**Stored items:**
---

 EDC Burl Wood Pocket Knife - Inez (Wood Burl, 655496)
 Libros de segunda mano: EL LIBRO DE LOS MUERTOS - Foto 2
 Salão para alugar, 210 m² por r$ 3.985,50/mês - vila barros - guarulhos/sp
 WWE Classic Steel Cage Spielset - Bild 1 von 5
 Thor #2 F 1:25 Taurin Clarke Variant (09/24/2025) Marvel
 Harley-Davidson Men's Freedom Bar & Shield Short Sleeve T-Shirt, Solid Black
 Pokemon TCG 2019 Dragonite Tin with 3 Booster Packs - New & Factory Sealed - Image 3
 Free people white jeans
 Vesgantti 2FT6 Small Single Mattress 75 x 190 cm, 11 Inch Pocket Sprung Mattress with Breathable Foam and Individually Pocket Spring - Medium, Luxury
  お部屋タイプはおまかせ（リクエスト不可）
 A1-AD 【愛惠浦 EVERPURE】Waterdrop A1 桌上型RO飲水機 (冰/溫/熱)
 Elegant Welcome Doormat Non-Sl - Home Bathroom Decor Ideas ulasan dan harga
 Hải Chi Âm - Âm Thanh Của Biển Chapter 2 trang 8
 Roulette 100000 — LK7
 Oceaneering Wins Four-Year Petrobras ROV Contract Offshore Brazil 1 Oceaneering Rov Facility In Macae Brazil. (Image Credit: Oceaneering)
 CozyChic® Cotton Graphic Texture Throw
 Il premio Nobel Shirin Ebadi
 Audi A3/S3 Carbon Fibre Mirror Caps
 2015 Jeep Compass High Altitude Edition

---

**WHAT THE TASK ASKS:** Return, in full, every line of these entries that holds "Pocket".

**FINISHED TASK:**
 EDC Burl Wood Pocket Knife - Inez (Wood Burl, 655496)
 Vesgantti 2FT6 Small Single Mattress 75 x 190 cm, 11 Inch Pocket Sprung Mattress with Breathable Foam and Individually Pocket Spring - Medium, Luxury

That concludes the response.